BC I would say the War Requiem with Richard.
RC One of the projects I really like - and listen to it to this day - is Richard Strauss's Alpine Symphony which we recorded in Dundee back in 1987 with Järvi. I’ll always remember because it was in the winter: January or February. It was a terrible winter and we got stuck up in Dundee. It was a 22 hour drive home.
BC We also did the Four Last Songs there with Felicity Lott.
RC There was a lot of press interest at the time locally in Dundee because the Strauss uses an enormous orchestra: off-stage brass horns and everything else. We had players coming in from all over Scotland. We had the whole massive horn section line-up outside in the snow for a photo by the local press. Quite a lot of fun but the performance - even after all that - was stunning
RC … and yes that’s typical Järvi.

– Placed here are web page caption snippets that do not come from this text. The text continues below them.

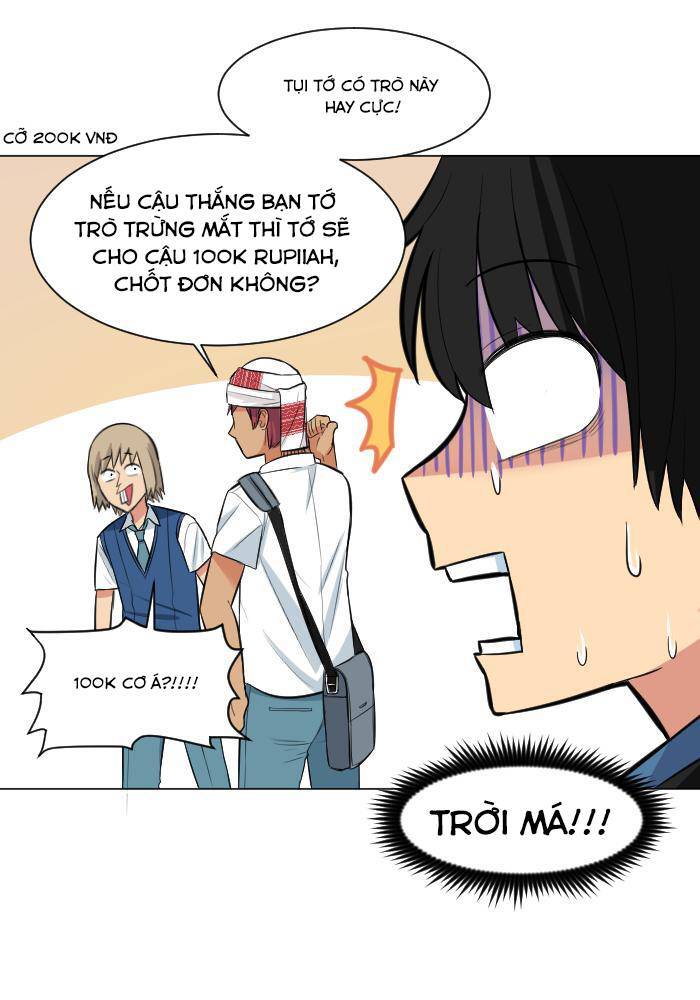 Good/Bad Fortune Chapter 3 - 43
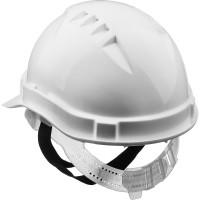 Белая защитная каска Зубр МАСТЕР 11090-2_z01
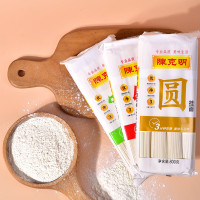 陈克明宽面条挂面袋装易煮热干面龙须面拌面烩面炒面速食凉面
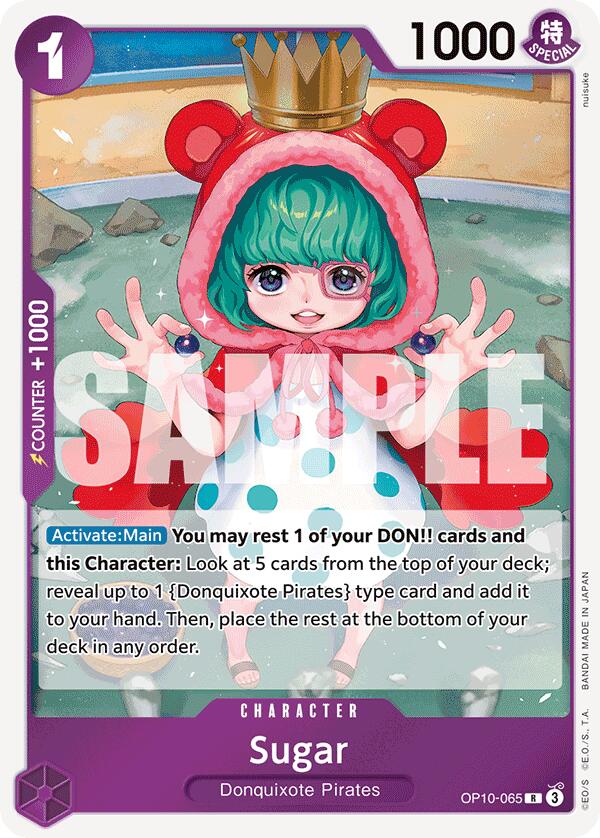 Sugar [Royal Blood] | Devastation Store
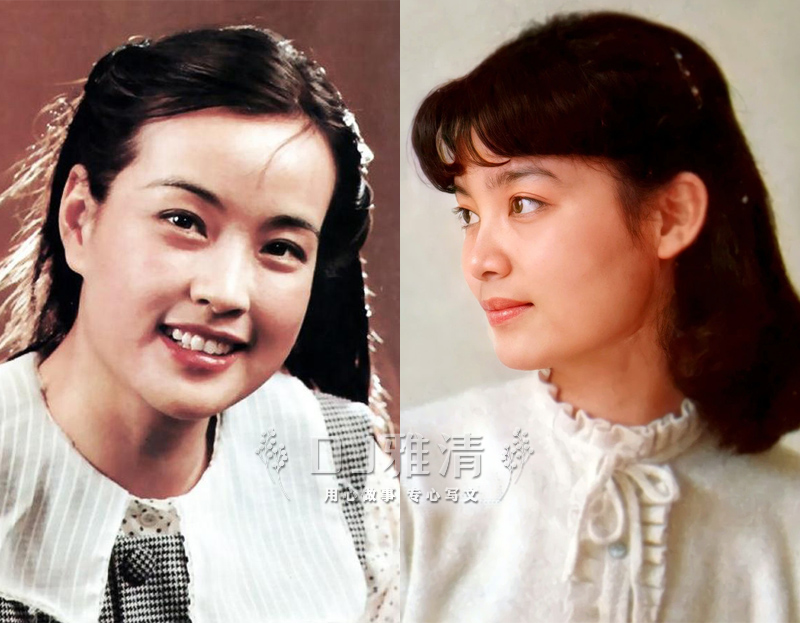 最佳女演员金鸡奖颁奖词,刘晓庆奚美娟金鸡影后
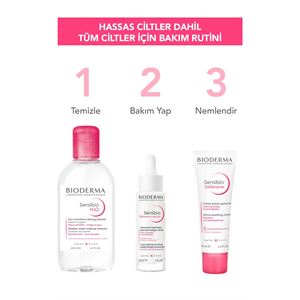 BİODERMA SENSİBİO H2O 250 ML-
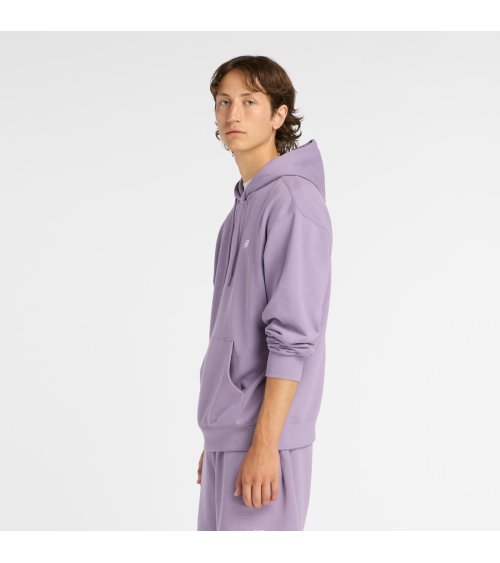 Sudadera con capucha New Balance
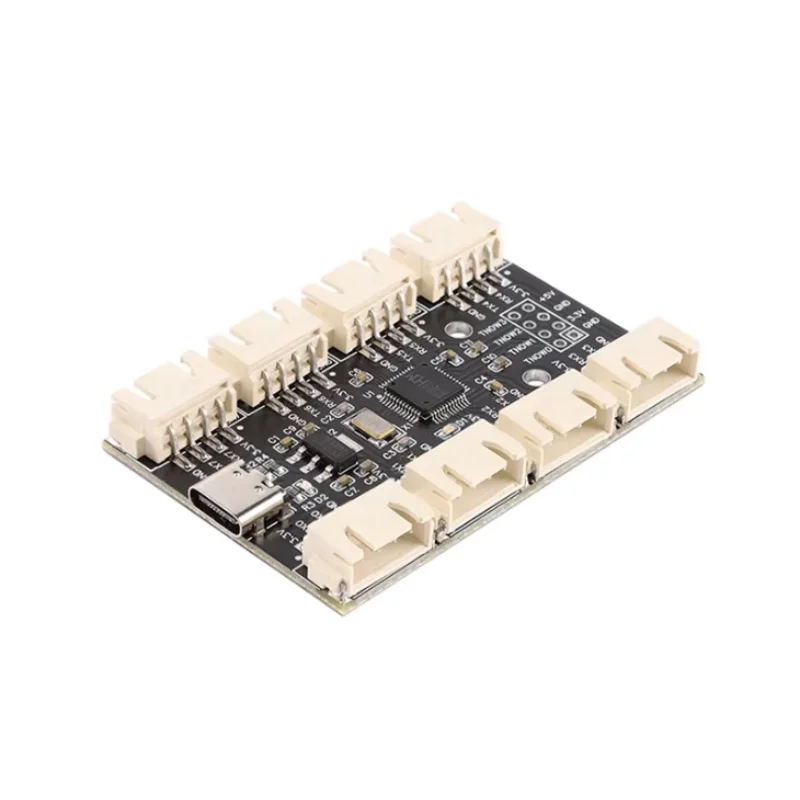 1pcs STM32H750XBH6 core board system learning board STM32 development board compatible with OpenMV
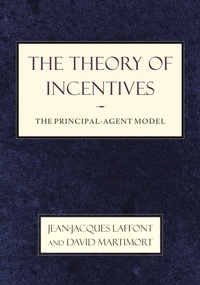 Enlarge image Cover: The Theory of Incentives - Princeton University Press
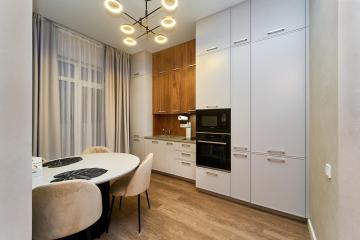 Фото №2: Апартаменты 78 м² - Прасковеевка, мкр. Тонкий Мыс, пр-д Парусный, 1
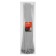 Tundra stainless steel screed, 4.6x400 mm, 100 pcs.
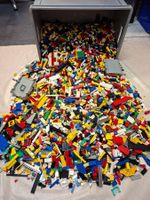 Lego Konvolut 16 kg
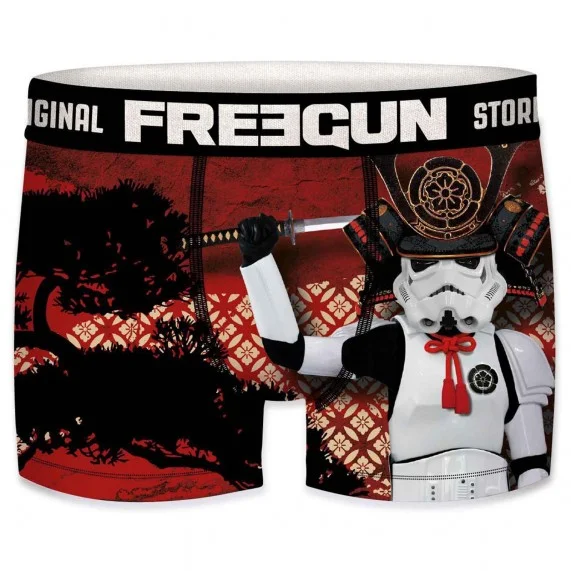 Calzoncillos para hombre Stormtrooper "Crack Joke (Calzoncillos para hombre) Freegun chez FrenchMarket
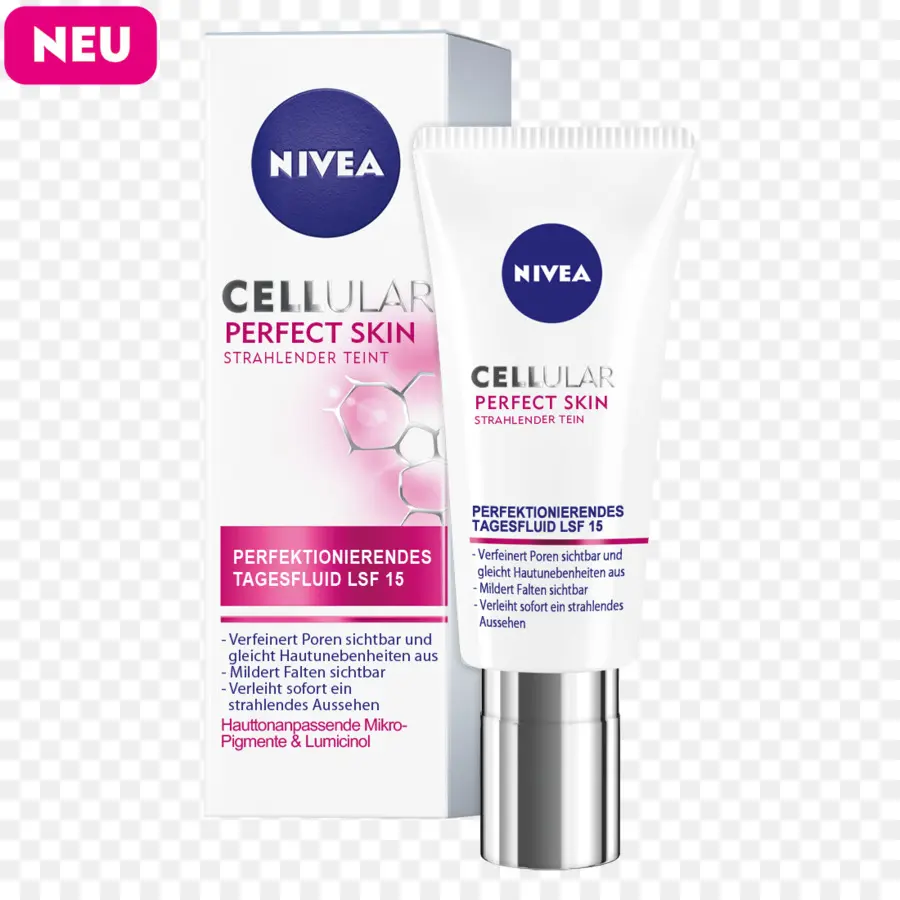 Nivea，La Piel PNG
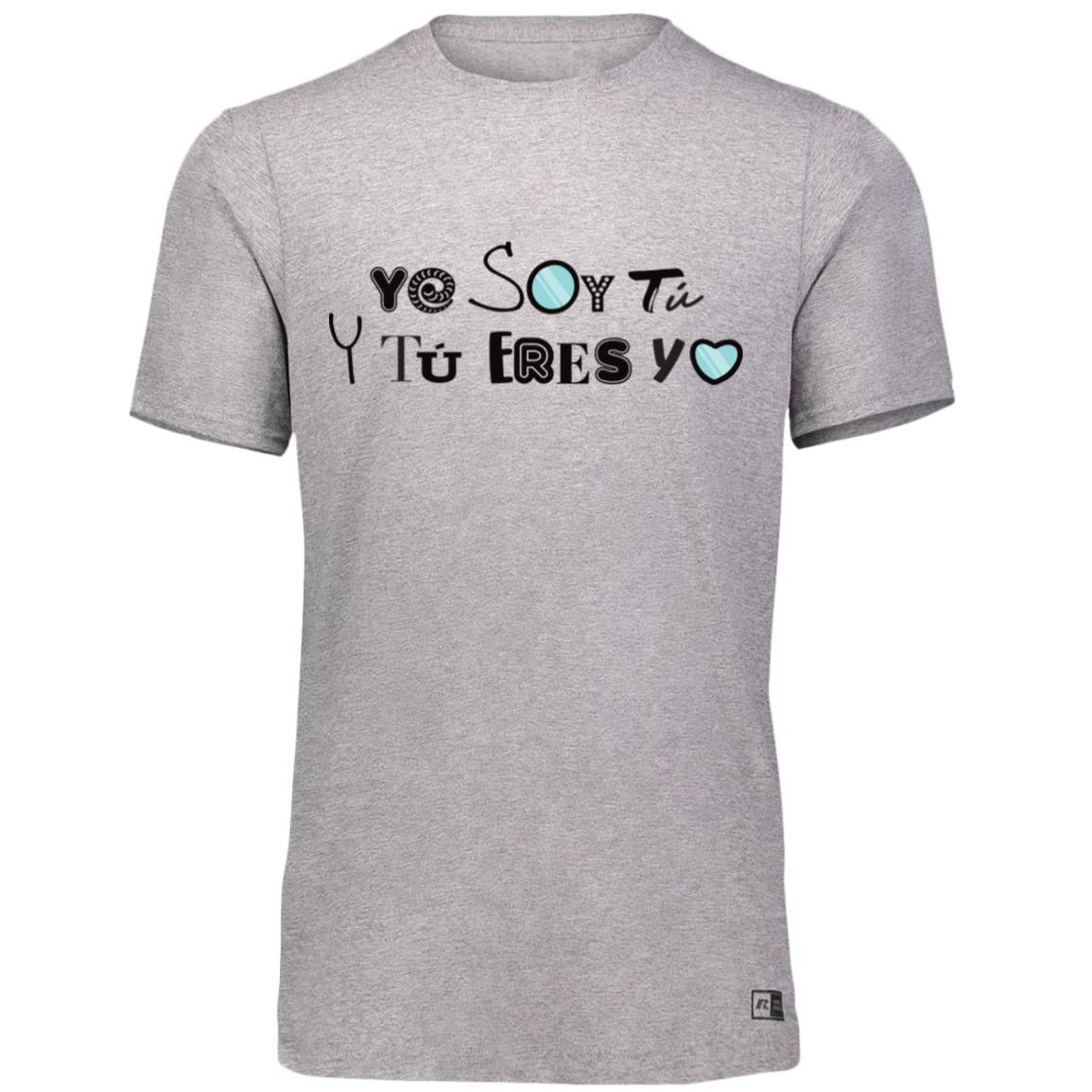 Essential Dri-Power Tee for Man, Yo Soy Tú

Very little rehearsal and everything depending on musicians being glued to him on the day. Inspirational - you never know what he is going to do because he changes his mind like the wind. Like Gergiev its all pure inspirational stuff - pure spontaneity but you get great exciting performances with very little editing.
RC Other example of delightful recordings? There are so many. When you have to pick one out of 3000 it’s just so hard.
RB Do you interact with the reviewing world?
RC We have a press officer do that. It’s up to him to do all the interaction, apart from Gramophone launches and dinners, annual awards and that sort of thing. They have their job; we have ours. We do interact when they get something factually wrong, then we put out a message via Paul (Chandos press officer) to sort that out. The whole thing about music is that it is totally subjective. They will have an opinion and we have an opinion.
BC Some give 2 stars and some give 5 stars for the same recording.
RC Perfect example this month is Mackerras’s Salomé in English. The Gramophone reviewer John Steane - big vocal expert – praises the recording but says it’s spoilt by only one thing, the voice of the lead singer, Susan Bullock. He found little satisfaction in her voice. He says that her voice was not rich or silvery. On the other hand we get Record of Month in DT - glorious ratings. The Gramophone guy is being honest and you can’t fault him for that or do anything about it.
RB Do you get pressure from artists to react to 'bad' reviews?
RC Very rarely actually. They are in the same position as we are. It's their product as well as ours. They also get reviewed at concerts and they have to put up with whatever press has to say. That’s the way it is. The only pressure I get is where reviews aren’t being published at all. For example in Germany only the review of volume 1 of the Bavouzet Debussy cycle has been published … and there are four.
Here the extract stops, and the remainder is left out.